Consider the following simple arithmetic language:

Int := | n.................................// numeric constant | x.................................// variable | Plus(int, int):int................// addition | Times(int, int):int...............// multiplication | ITE(bool, int, int):int...........// if-then-else Bool := | false.............................// constant false | true..............................// constant true | Lt(int, int):bool.................// less than | Not(bool):bool....................// boolean negation | And(bool, bool):bool..............// boolean conjunction

Problem 1.a

Encode the arithmetic grammar from above as a generator in Sketch, using it to synthesize functions solving the following examples: x=5, y=5, out=15; x=8, y=3, out=14; x=1234, y=227, out=1688; And x=10, y=7, out=17 x=4, y=7, out=-7 x=10, y=3, out=13 x=1, y=-7, out=-6 x=1, y=8, out=-8 Starter code for this problem can be found here. You will find the sketch language reference useful. Submit your code as question1a.sk.

Problem 1.b

In a copy of the file, add the following constraints:

Multiplications can only occur between variables and constants or between two variables
Comparisons cannot include any arithmetic, only variables and constants

Submit your code as question1b.sk.

Problem 2 (40 pts)

Top-down searches (Lecture 4) are widely used technique in program synthesis as they are simple and general, not requiring the context-independent equivalence property relied on by bottom-up approaches. Top-down enumeration exhaustively explores a space of programs in a grammar by repeatedly expanding holes in the current partially-constructed program using production rules from the grammar. A key part of efficient top-down enumeration is the ability to perform these expansions by mutating the program in-place, rather than making a copy of the entire program at each step. When the search hits a dead end (e.g. a size limit is reached, or an incorrect program is found) we require the ability to backtrack by undoing the expansions ("unexpanding") in-place. This problem will guide you through implementing expansion and unexpansion, then using them to implement the overall top-down search algorithm.

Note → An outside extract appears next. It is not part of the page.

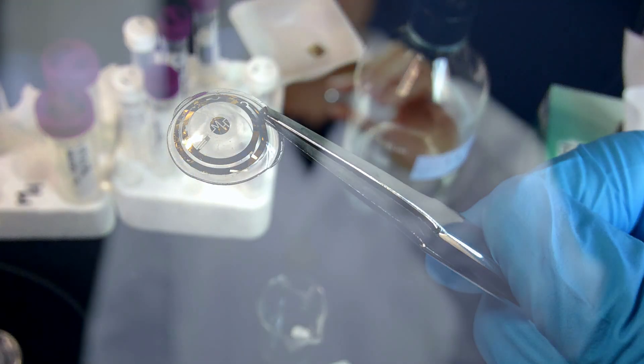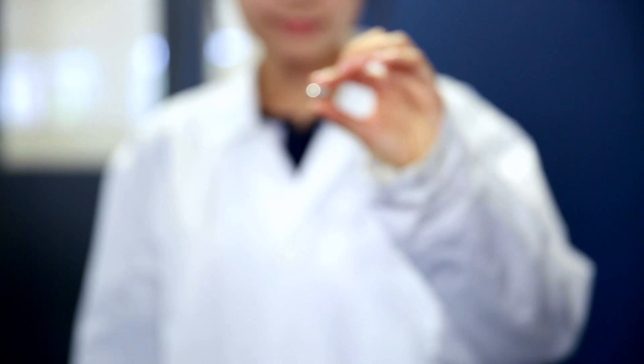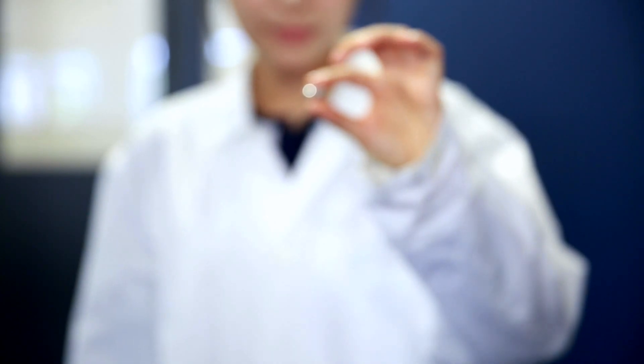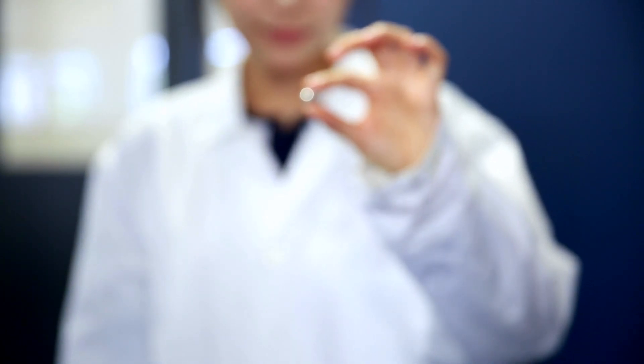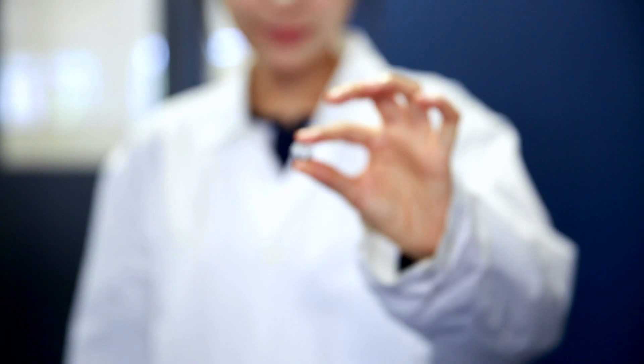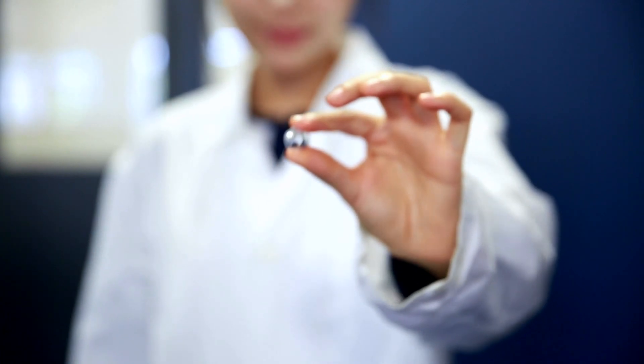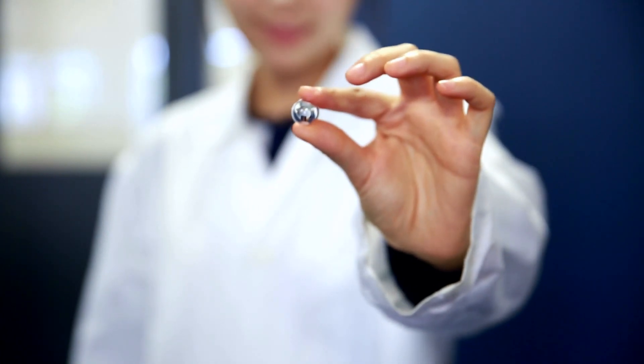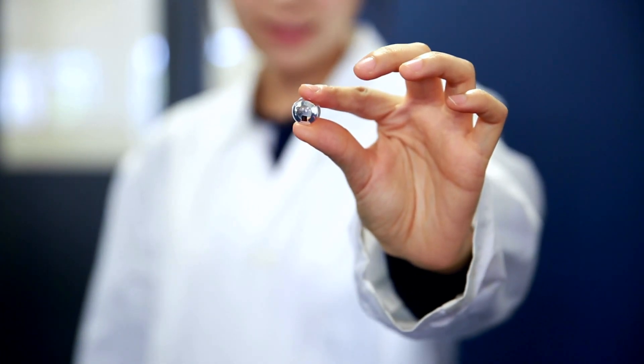The real challenge that lies ahead is to get all of these components to work together, seamlessly, and eventually in a form factor that will fit a contact lens.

Skeleton code for this problem can be found here.

First, move to the q2-3/ directory and run the following command to install the necessary packages:

julia --project -e 'using Pkg; Pkg.instantiate()' Then run the following command to make sure everything is set up properly: julia --project test/internal.jl Notes:

You can see some example graphics programs in the language here.
The code you write will not be specific to the graphics domain, but the tests will run in the graphics domain so it may be helpful to take a look at the grammar and associated comments in src/drawing_domain/drawing_grammar.jl.
Don't edit the type signatures of the functions you implement.

Problem 2.a

First, write implementations of the following functions in src/program_search/expansion.jl. Refer to the definitions and docstrings of the expression type struct Exp and the production rule type struct Production to understand their structure.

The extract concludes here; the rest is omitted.